**Doing the right thing…knowing the right thing to do. This is a question that we ask ourselves everyday as school leaders. Richard Elmore, professor of Educational Leadership at Harvard University, published a paper with this title through the NGA Center for Best Practices (can be found here). He offers suggestions and practical advice on how schools can get better. After reading Elmore’s article graduate students in the Dordt University School Leadership program blogged similar advice, written specifically for Christian school leaders. Our third guest blogger is Matt Van Muyen, Middle and High School Vice Principal at Unity Christian School in BC.**
I had been making a straight vertical hike for over two hours, or at least it felt like it. My legs were burning, my lungs, desperately trying to pull in enough oxygen, and my heart was pounding so hard it was about to blow straight out of my chest.
Exhausted, I reluctantly took my eyes off my feet and glanced ahead. The destination, the summit of Golden Ears mountain in Maple Ridge, British Columbia Canada, appeared well in the distance. Alder Flats, I thought. Just get to Alder Flats.
The Golden Ears trail is a 12 km trek with an elevation gain of over 1500 meters. There are sections of the trail that contain steep inclines and difficult ascents, while other portions are flat plateaus, such as Alder Flats and Panorama Ridge. The plateaus offer the necessary time for recovery, reflection, and rejuvenation, to address the next steep incline.

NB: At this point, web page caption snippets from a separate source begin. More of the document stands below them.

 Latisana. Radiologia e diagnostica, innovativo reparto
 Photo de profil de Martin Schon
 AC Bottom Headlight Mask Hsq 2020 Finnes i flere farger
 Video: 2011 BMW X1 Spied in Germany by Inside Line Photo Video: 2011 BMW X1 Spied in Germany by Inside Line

Hiking is a fitting analogy for school leadership and the process of school improvement. For schools, the destination point is student improvement, which is much more fluid than a static point of arrival. Yet, along the endless trek are peaks and valley’s; times of tremendous growth and times of being stagnate, both of which are necessary to pursuing school improvement (Elmore, 2004). As a member of a school leadership team, we are regularly asking, “How do we get better?” How do we improve at improving student learning, performance, and engagement in the classroom?
School improvement requires that teachers and administrators have a growth mindset. Far too often good teaching is seen as a destination point; a teacher’s “arrival” is evidenced by less planning time and leaving the school parking lot by 3:30pm. Teachers with a growth mindset use the plateaus on the journey to reflect on their practice, strategize new instructional techniques to improve learning in their students, and then begin the steep incline on the journey.

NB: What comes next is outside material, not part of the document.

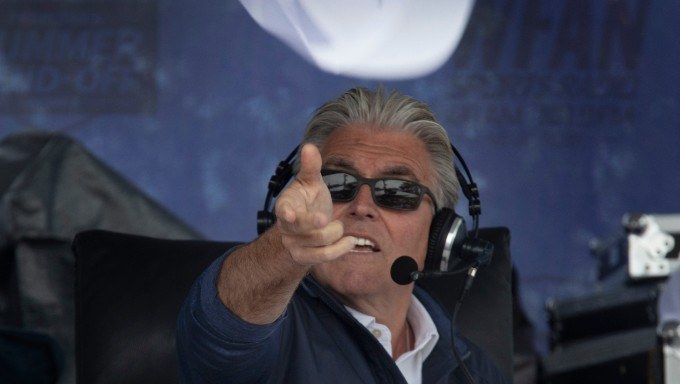 Radio Personality Mike Francesa Joins BetRivers and PlaySugarHouse as Ambassador Radio Personality Mike Francesa Joins BetRivers and PlaySugarHouse as Ambassador
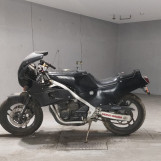 Мотоцикл Yamaha FZ400R с пробегом 23742 km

Teachers with a growth mindset collaborative with their colleagues; they do not isolate themselves but rather understand that teaching is a group responsibility (Elmore 2007). Teaching, like hiking, is not a solo activity. You can’t do it alone. Improving the capacity and opportunity for teachers to work collaboratively is a necessity for improving student learning and performance. Having common planning time and professional learning communities are two ways to improve staff collaboration.
For schools to improve, teacher professional development must be strategic and measured for effectiveness in the classroom. Teachers complete a minimum of 30 hours of professional development in a single school year. Much of that time is internal professional development planned by the school. Far too often professional development has little impact on student learning and fails to lead to any sustained improvement in the classroom. Professional development should be directly focused on techniques and strategies that need to be implemented in order to improve student learning.
School improvement requires diverse ways of measuring progress. It is limiting and misleading to simply rely on provincial tests and assessments (FSA’s, provincial exams etc.) (Elmore, 2007). Rather, administrators need to be in classrooms to regularly assess the work and learning of teachers and students. Measuring progress is absolutely necessary for teachers because it will provide feedback on whether to continue or to stop with the current strategy in the classroom. Teachers need to see that their actions are improving student learning, or if not, may eventually lead to student improvement. If there is no tangible indication that improvement has or will occur, the teacher can adjust and make necessary changes (Elmore, 2004). More importantly, teachers are motivated when they see that they are making a difference in the classroom. Like hiking, you become increasingly motivated and encouraged as you near your goal, teachers are motivated to continue when they see the positive impact of their actions on student learning in the classroom.
School improvement is an endless trek. The times of apparent stagnation are an important time for reflection and assessment to prepare for the next leg of the journey. Teaching is exhausting because a growth mindset means always asking and questioning how to do things differently to improve student learning. “How do we get better?” The answer is simple: Together, and one step at a time.
- Elmore, R. F. (2004). School reform from the inside out: Policy, practice, and performance. Cambridge, MA: Harvard Education Press.